Before and during the vortex disruption, locations east of the Rockies basked in unusually mild weather for weeks. Washington witnessed 28 days of warmer-than-normal weather, and the first half of January ranked among the top 10 warmest on record in Minneapolis and Milwaukee:
But the polar vortex split, which forecasters predicted in December, has likely triggered a transition toward a much more wintry pattern.
Even though the vortex split around the start of the New Year, it often takes weeks for the effects to become apparent in day-to-day weather. The vortex zips around the North Pole high in the stratosphere about twice as high up as commercial aircraft fly, so its downward propagation through the atmosphere is a drawn out process.
“I think the snowstorm this weekend was related to the vortex split,” said Judah Cohen, a researcher at Atmospheric and Environmental Research in Boston, and polar vortex expert. “I think we’re seeing the impacts already.”
After the vortex fractures, it can fundamentally alter the flow in the atmosphere. Steering winds which blow from west to east — transporting mild air from the Pacific Ocean over the continental U.S. — shift to more north and south. Arctic air can more readily be drawn into the North America and Europe.
“The first order impact [of a vortex split] is that you slow the west to east flow and add more of a north-south component,” said Cohen. “There’s a much greater exchange of arctic air that’s moving south.”
A blast of a bitter Arctic air is forecast to plunge into the eastern U.S. late this week and this weekend, the coldest of the winter so far in some areas — another possible sign of the vortex disruption.
By Sunday, temperatures are forecast to be about 10 to 25 degrees colder than normal in the central U.S. and parts of the East. Temperatures may plunge below zero in Kansas City on Sunday, where the AFC championship game between the Chiefs and the New England Patriots will be played.
But this cold snap may still just be an appetizer.
Computer models suggest the onset of persistent and acute cold may hold off until between Jan. 25 and 30. In the meantime, temperatures may fluctuate wildly as this new, harsh regime becomes established.
“This is more of a transition period,” said Michael Ventrice, a meteorological scientist at the Weather Co., which is owned by IBM. “We’re kicking out the old regime when the Pacific jet was bringing a lot of warmth to the U.S.”
The signal for an extended period of cold and potentially stormy weather is very strong continuing well into February, say long-range forecasters. “I think you can be very confident,” Ventrice said.
Ventrice said the European modeling system has been predicting this cold pattern for six straight weeks without exception, which is rare. “There’s something big driving this signal and it’s tied to the stratospheric warming [or vortex split]."
The American modeling system is in agreement with the European in forecasting the initiation of a very cold pattern in about two weeks.
Once this wintry pattern becomes entrenched, it may be difficult to dislodge.
“These impacts can last four to six, and maybe eight, weeks,” said Cohen, who expects the worst winter conditions to peak in February.

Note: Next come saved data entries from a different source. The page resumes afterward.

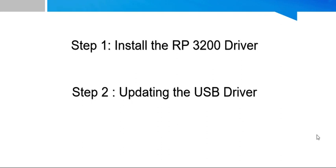Recently, USB not detecting issue was reported by many people. We have given a solution in this video for that. Now we are going to see step 1, how to install the driver. As I said earlier, please download the driver file which I shared in my comments.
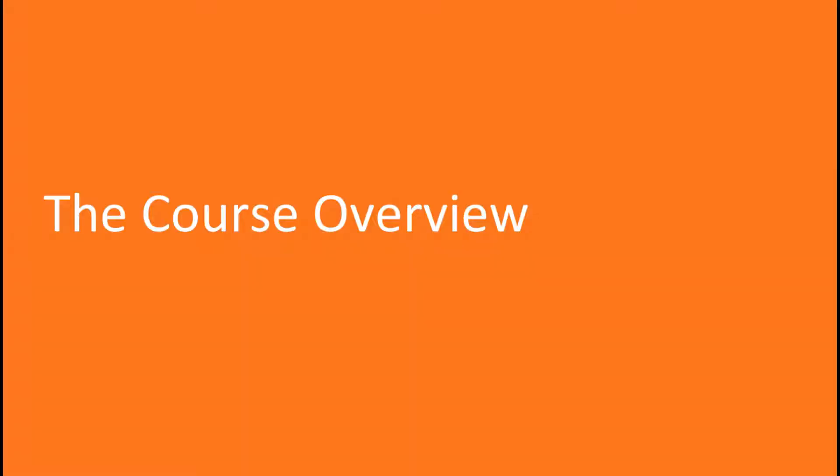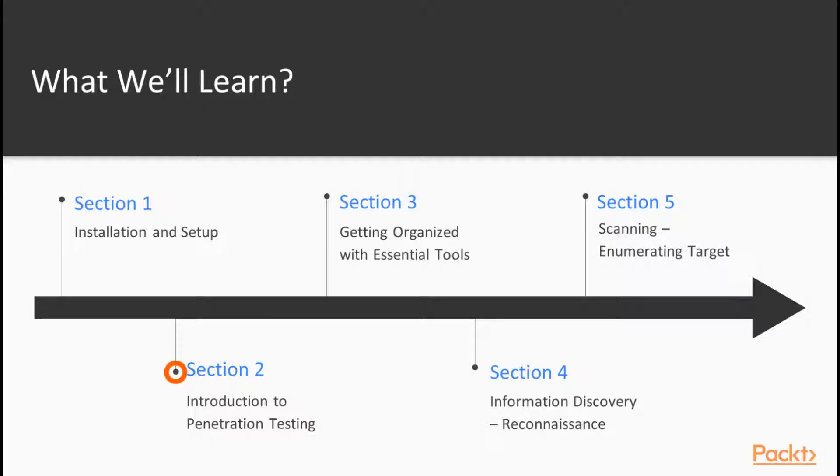Now moving on to the overview of this volume. So we will start with the introduction to penetration testing section and then we will move on to the section of getting organized with essential tools. In the next section, we will talk about information discovery or reconnaissance and then the last section would be about scanning or enumerating targets.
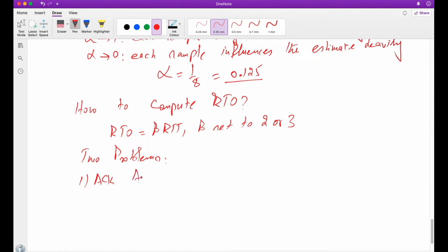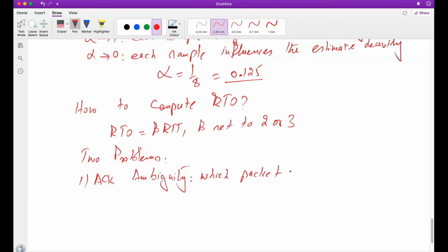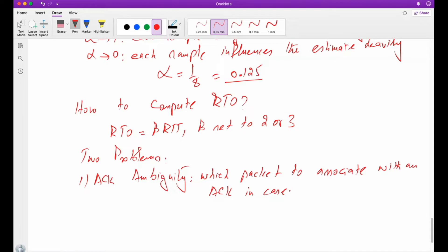The first problem is known as acknowledgement ambiguity. The acknowledgement ambiguity is that which packet to associate with an acknowledgement, and especially this is true when we have a retransmission. So we really need to decide which packet will be associated with an acknowledgement in the case of retransmission.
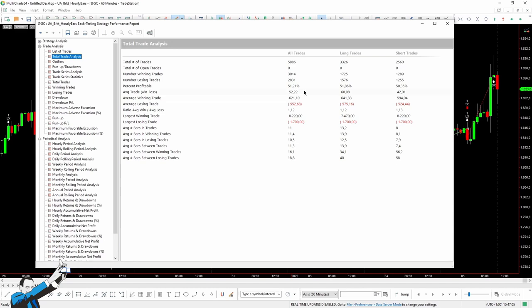Of course, this strategy can be improved. Right now, the weakness is caused by the average trade, which is too low to be used in live trading on this market. Remember that a single tick on gold is worth $10, so here we'll only have 5 ticks of average trade. But it will be possible to increase the average trade of the strategy by adding some filters.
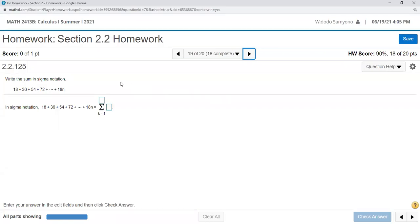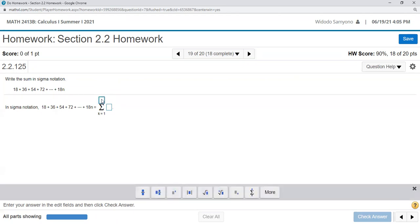You need to see the pattern here. So I believe this starts from k equal to 1 and then up to k equal to n. So this one will be n. Now you need to find what is the formula for the function of k here.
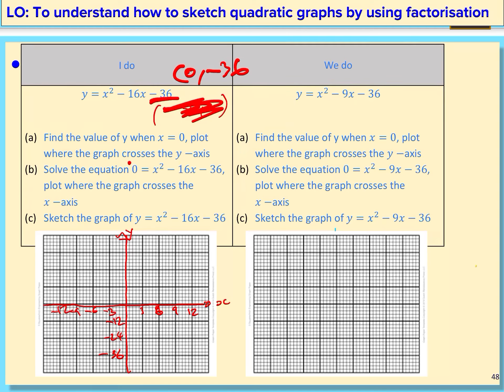So we are going to factorize this expression. We need to think of two numbers that when they multiply together give negative 36, but when you add them together you get negative 16. One factor is going to have to be positive and the other negative. Two factors that work are negative 18 and positive 2.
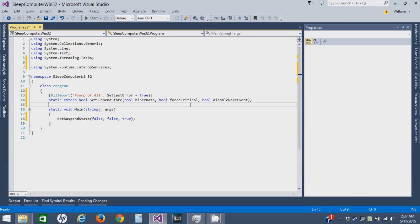Hello, and welcome to Basic Computer Help. In this episode, I'm going to discuss how to put your computer to sleep in C#, but using the Win32 API instead of the native C# method for it.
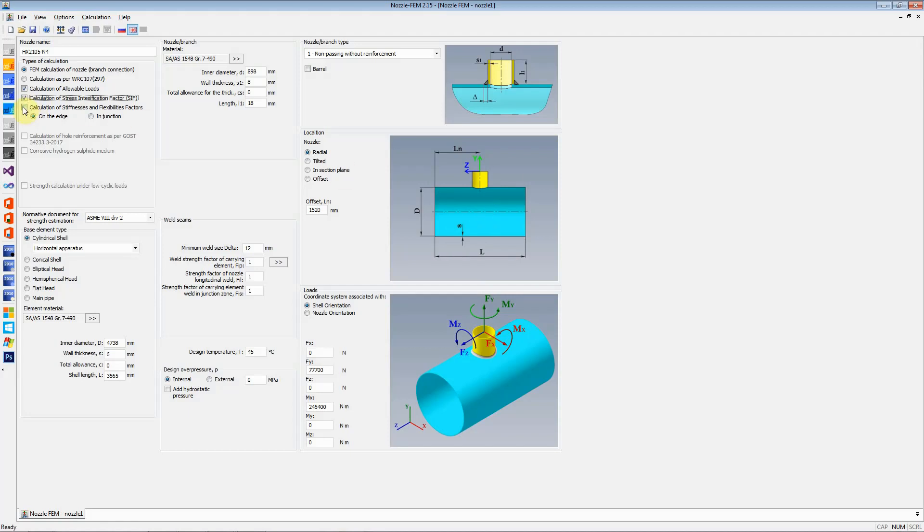The next option available is calculation of stiffness and flexibility factors. When you click on the option, it gives you the stiffness and the flexibility factor of this junction, the junction of nozzle and the shell. That is required for pipe stress analysis program.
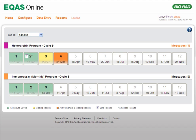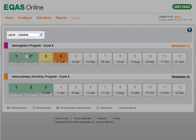Bio-Rad offers various eQAS programs to participant labs. When your lab first enrolls for one or more eQAS programs, Bio-Rad sets up an account and assigns a unique lab ID. This ID uniquely identifies your lab and your eQAS results.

After last year’s polar vortex disruption in February, abnormally cold and stormy weather dominated the eastern U.S. in March and well into April.
While forecasters cannot predict exactly how cold it will get this year, where and when big storms will form and who will get the most snow, Cohen said to expect “intense periods of winter weather becoming more frequent including more frequent episodes of arctic outbreaks."
Because of the developing El Nino event, which adds moisture to storms traveling across the South, the snow potential will also be enhanced during this period. “We’re seeing all of these southern stream storms, which will act as seedlings for nor’easters,” Ventrice said.
Ventrice said he expects the cold to penetrate into the Deep South and that, by the end of February, winter will have worn out its welcome.
“I think it’s going to be a completely 180 in the psyche for people living in the eastern U.S.,” Ventrice said. “In Boston, we want the snow now because we haven’t had it. By the time this is over, we’re going to be ready to be done.”